What is required -
Give the number of lines below with "Lake" in them, leaving out anything else.

Scraped caption text data -

[Start of Attachment]

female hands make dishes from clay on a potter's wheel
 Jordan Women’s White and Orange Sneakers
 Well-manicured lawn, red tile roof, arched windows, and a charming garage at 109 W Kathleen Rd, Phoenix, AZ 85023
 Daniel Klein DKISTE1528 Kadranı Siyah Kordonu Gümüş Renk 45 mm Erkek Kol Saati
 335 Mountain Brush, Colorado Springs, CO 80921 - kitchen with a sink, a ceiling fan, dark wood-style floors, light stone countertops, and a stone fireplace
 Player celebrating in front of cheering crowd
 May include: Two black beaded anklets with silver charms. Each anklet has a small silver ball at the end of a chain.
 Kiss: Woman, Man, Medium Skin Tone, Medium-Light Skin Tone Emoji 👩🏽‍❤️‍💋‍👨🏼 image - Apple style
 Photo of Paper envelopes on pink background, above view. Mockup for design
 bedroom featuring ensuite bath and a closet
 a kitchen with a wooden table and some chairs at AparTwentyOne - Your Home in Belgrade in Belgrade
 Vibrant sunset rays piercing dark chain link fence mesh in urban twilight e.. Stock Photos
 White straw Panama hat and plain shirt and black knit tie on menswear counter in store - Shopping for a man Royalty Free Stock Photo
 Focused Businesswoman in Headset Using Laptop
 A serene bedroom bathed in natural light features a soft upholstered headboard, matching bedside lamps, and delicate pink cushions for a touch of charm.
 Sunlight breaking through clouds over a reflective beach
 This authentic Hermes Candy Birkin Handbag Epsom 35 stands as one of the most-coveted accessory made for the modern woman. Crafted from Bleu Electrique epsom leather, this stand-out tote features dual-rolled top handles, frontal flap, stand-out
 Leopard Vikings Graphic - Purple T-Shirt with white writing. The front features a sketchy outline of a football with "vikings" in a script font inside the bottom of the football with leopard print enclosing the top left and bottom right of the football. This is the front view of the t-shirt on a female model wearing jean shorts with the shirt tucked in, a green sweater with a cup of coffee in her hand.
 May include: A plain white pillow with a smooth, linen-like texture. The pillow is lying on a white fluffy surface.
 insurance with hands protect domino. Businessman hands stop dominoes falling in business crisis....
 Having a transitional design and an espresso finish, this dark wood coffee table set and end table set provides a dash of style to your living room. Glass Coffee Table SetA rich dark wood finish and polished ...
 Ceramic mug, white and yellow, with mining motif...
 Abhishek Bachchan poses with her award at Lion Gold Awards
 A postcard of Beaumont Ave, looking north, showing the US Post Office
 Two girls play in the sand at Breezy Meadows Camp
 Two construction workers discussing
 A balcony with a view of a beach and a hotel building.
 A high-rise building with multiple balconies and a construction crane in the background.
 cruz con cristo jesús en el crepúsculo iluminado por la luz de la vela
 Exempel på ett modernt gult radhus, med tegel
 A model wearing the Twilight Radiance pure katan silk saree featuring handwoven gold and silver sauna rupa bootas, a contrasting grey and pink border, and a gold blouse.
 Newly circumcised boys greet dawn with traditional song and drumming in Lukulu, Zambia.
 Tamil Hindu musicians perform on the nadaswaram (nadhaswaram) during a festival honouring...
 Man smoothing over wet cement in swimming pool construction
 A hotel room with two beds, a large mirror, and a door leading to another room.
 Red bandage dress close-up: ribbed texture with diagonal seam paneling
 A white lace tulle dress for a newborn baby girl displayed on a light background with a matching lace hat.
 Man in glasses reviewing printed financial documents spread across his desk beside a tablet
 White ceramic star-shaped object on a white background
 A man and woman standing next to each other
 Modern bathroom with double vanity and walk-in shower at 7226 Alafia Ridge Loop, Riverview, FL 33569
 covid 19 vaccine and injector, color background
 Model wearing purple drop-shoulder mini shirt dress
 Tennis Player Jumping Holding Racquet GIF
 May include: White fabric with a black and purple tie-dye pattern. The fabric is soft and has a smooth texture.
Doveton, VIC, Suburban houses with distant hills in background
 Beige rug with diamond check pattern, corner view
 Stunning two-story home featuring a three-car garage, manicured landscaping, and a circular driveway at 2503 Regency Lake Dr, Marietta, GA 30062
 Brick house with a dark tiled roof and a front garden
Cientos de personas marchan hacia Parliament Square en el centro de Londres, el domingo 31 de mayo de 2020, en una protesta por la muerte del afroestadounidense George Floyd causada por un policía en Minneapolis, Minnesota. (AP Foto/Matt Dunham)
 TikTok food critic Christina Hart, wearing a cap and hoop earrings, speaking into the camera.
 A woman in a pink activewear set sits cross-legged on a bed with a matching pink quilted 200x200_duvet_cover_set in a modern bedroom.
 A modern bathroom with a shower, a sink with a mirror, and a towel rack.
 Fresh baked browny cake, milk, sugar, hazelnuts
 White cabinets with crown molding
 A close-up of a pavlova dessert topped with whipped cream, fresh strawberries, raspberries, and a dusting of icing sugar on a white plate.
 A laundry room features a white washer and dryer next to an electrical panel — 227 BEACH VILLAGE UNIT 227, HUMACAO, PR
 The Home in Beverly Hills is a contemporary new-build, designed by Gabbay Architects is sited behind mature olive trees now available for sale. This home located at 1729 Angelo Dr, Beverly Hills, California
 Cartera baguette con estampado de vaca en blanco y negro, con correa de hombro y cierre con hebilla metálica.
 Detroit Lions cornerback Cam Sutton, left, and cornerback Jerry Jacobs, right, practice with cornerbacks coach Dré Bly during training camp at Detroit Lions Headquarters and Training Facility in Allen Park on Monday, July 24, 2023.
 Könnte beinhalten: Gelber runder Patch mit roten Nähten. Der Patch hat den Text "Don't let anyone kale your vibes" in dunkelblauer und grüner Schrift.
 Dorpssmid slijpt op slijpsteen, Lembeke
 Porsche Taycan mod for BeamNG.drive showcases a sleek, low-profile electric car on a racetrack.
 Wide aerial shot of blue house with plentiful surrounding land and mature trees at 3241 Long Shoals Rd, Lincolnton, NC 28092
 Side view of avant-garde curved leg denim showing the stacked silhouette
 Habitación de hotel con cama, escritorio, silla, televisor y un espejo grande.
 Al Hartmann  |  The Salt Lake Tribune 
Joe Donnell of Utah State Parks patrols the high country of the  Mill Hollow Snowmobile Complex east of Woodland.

[End of Attachment]

Output for this exercise -
2